## DATA EXTRACT:
▬▬▬
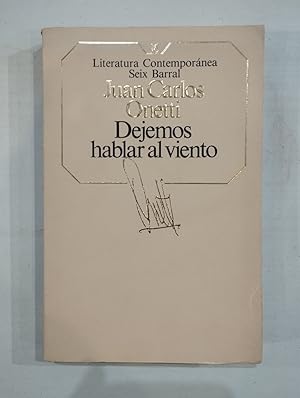 Seller image for Dejemos hablar al viento for sale by Saturnlia Llibreria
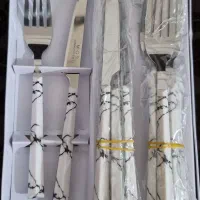 ست چاقو و جنگال میوه خوری و قاشق بستنی خوری|ظروف سرو و پذیرایی|رامهرمز, |دیوار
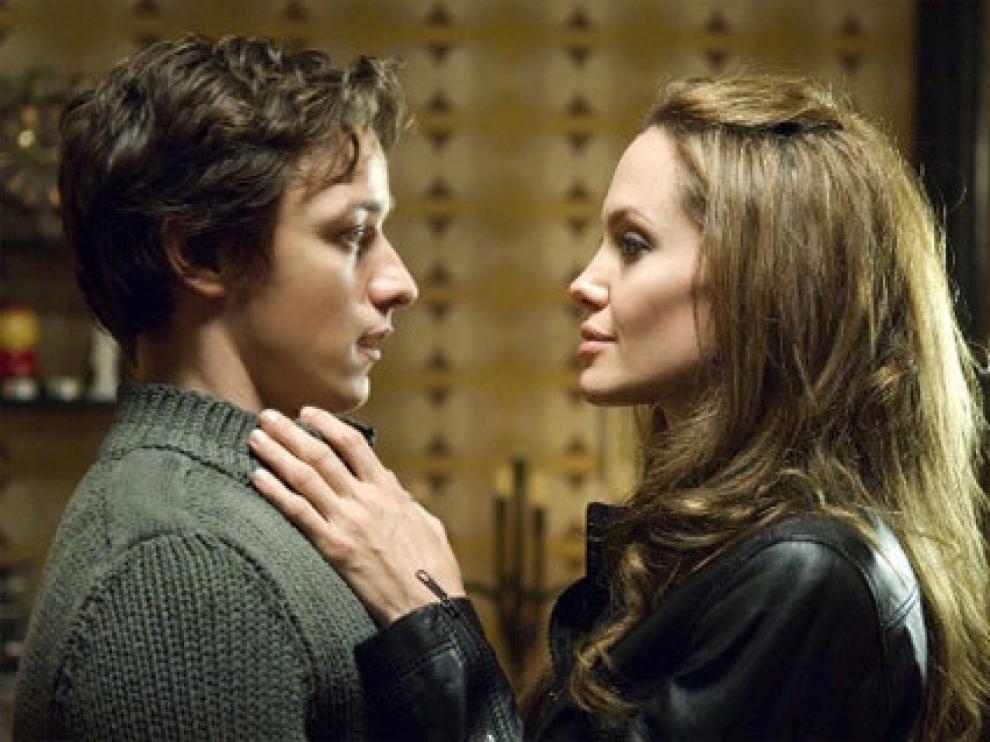 McAvoy y Jolie trabajan juntos en 'Wanted'.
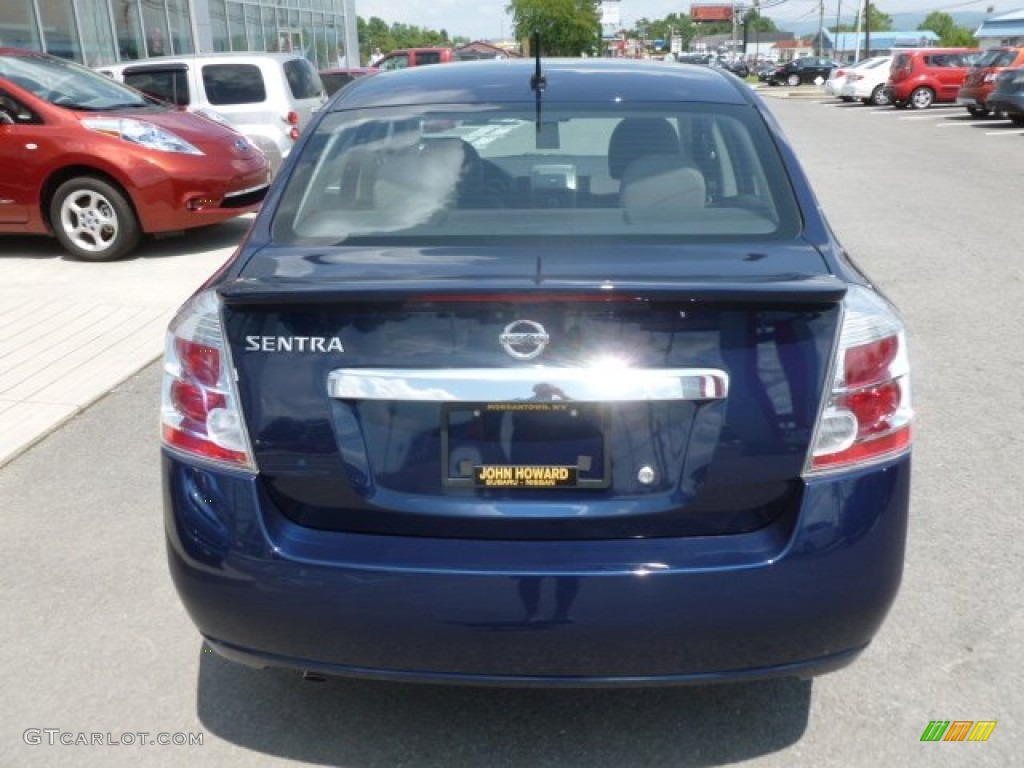 2012 Sentra 2.0 S - Blue Onyx / Charcoal photo #6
▬▬▬
## ASSIGNMENT:
Output the line containing "McAvoy y Jolie trabajan juntos en 'Wanted'." and each line after it, through the end of the material, exactly as given. No pictures belong in the output.

## RESULT:
 McAvoy y Jolie trabajan juntos en 'Wanted'.
 2012 Sentra 2.0 S - Blue Onyx / Charcoal photo #6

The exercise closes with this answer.